All of this, I think, rests on a deep misunderstanding of the magazine’s aims, which were to satirize Islam (along with every other religion), but also to stand up for the rights of minorities and immigrants in France, regularly mocking the French Right. Combine that with the hyprocritical Leftist double-standard of coddling Islam because it’s a “minority group” comprising people of color, and you get this kind of stupid behavior.
Andrew Solomon, the president of PEN International, was also surprised, saying this: “We all knew this was in some ways a controversial choice,” he said. “But I didn’t feel this issue was certain to generate these particular concerns from these particular authors.”

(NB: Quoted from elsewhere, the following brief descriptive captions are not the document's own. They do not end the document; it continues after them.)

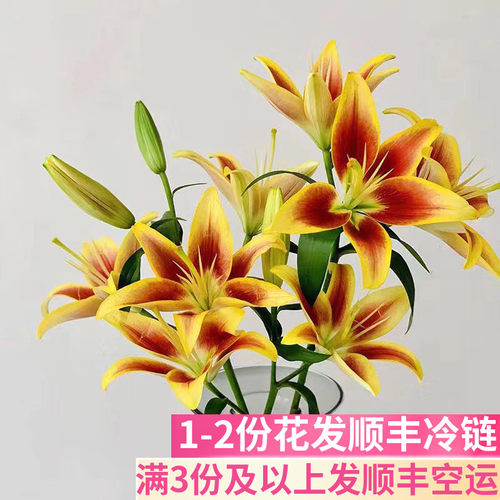 皇冠亚百合云南基地直发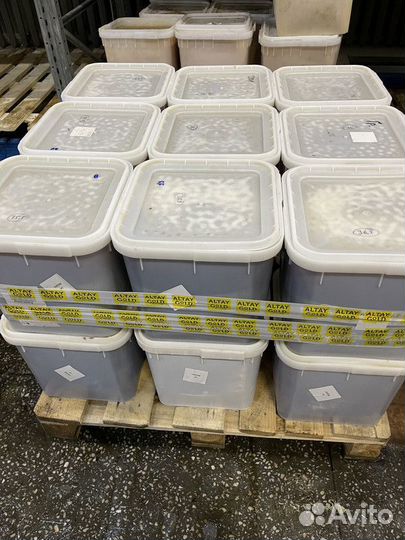 Свежий. Натуральный мед оптом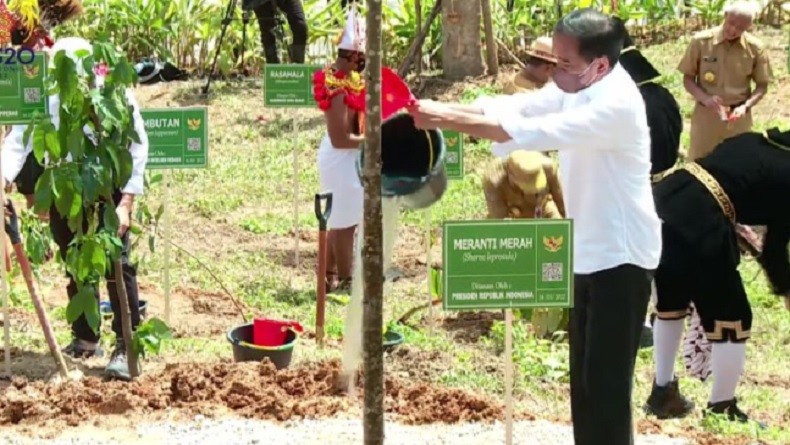 Pohon Khas dari 34 Provinsi Ditanam di Titik Nol IKN, Ada Kecapi hingga Kemiri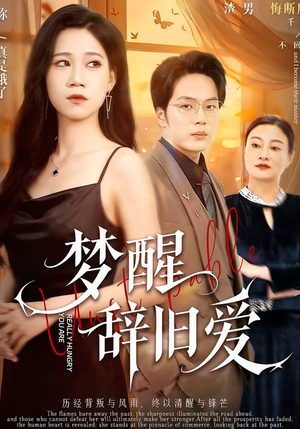 梦醒辞旧爱（55集）第一季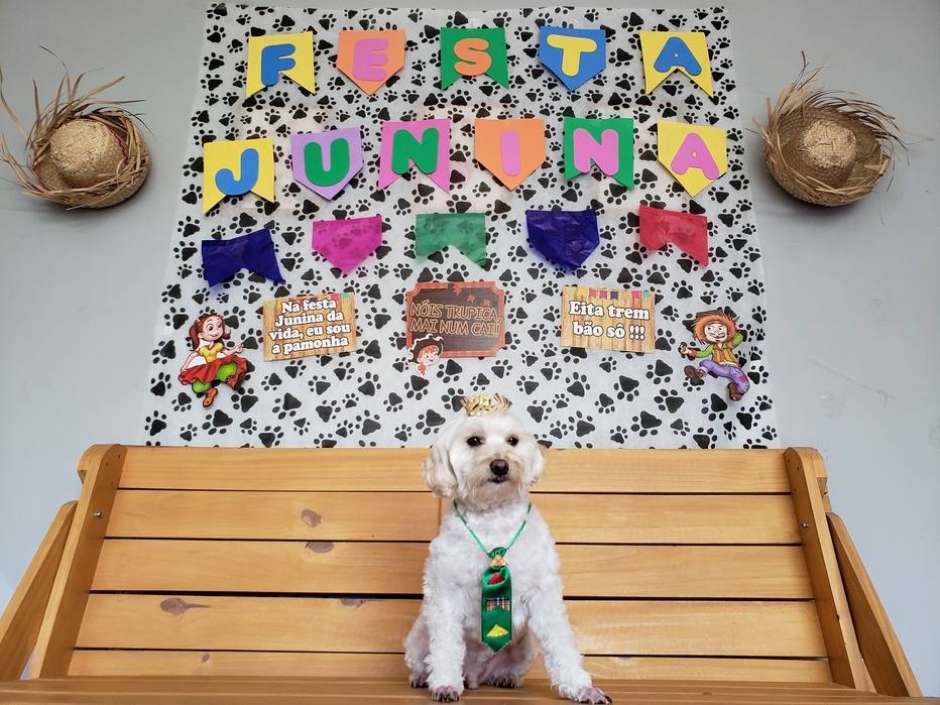 ideias de decoração pet friendly para sala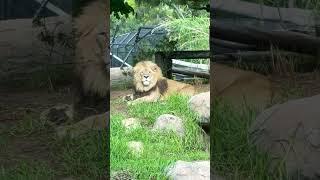 The lion king starring at u🩵🩵#youtubeshorts #perthzoo #angryanimal #shortsvideo #lion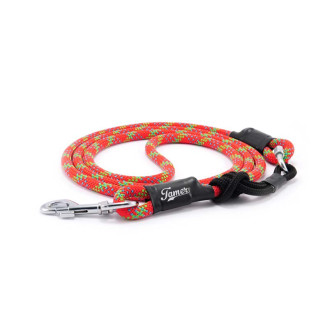 Laisse réglable easylong Tamer 2,5m pour grand chien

Garry Trudeau, whom I no longer admire, also belongs on this list after excoriating Charlie Hebdo for hate speech and for “punching down.” One can almost read Trudeau’s remarks as blaming the magazine itself for the murderous attack by terrorists.
The saddest thing is that PEN International has always promoted freedom of expression. That is, in fact, one of its goals. Here’s a statement from their website (my emphasis):
International PEN, the worldwide association of writers, was founded in 1921 to promote friendship and intellectual cooperation among writers everywhere; to emphasize the role of literature in the development of mutual understanding and world culture; to fight for freedom of expression; and to act as a powerful voice on behalf of writers harassed, imprisoned, and sometimes killed for their views.
Thank Ceiling Cat that Salman Rushdie, a voice of sanity who himself continues to experience the same threats that decimated Charlie Hebdo, made a statement supporting PEN’s ideals:
. . . Salman Rushdie, a former PEN president who lived in hiding for years after a fatwa in response to his novel “The Satanic Verses,” said the issues were perfectly clear. Mr. Ondaatje and Mr. Carey were old friends of his, he said, but they are “horribly wrong.”
“If PEN as a free speech organization can’t defend and celebrate people who have been murdered for drawing pictures, then frankly the organization is not worth the name,” Mr. Rushdie said. “What I would say to both Peter and Michael and the others is, I hope nobody ever comes after them.”
PEN issued a statement extolling Charlie Hebdo but respecting the Shameful Six for their “convictions”, misguided as they were. And the PEN statement gets the aims of the magazine right:
But, based on their own statements, we believe that Charlie Hebdo‘s intent was not to ostracize or insult Muslims, but rather to reject forcefully the efforts of a small minority of radical extremists to place broad categories of speech off limits—no matter the purpose, intent, or import of the expression.
Once again we see the cognitive dissonance produced on the Left between its Enlightenment values of free expression and of desire to protect the rights of minorities. But those values never included prohibition of criticizing “minority faiths.” The attitude of those six writers, and of their running dogs, threatens to do in all Enlightenment values, values opposed by the extremists that attacked Charlie Hebdo and the many Muslims who silently support them.
As Rushdie said, the Shameful Six are simply and horribly wrong.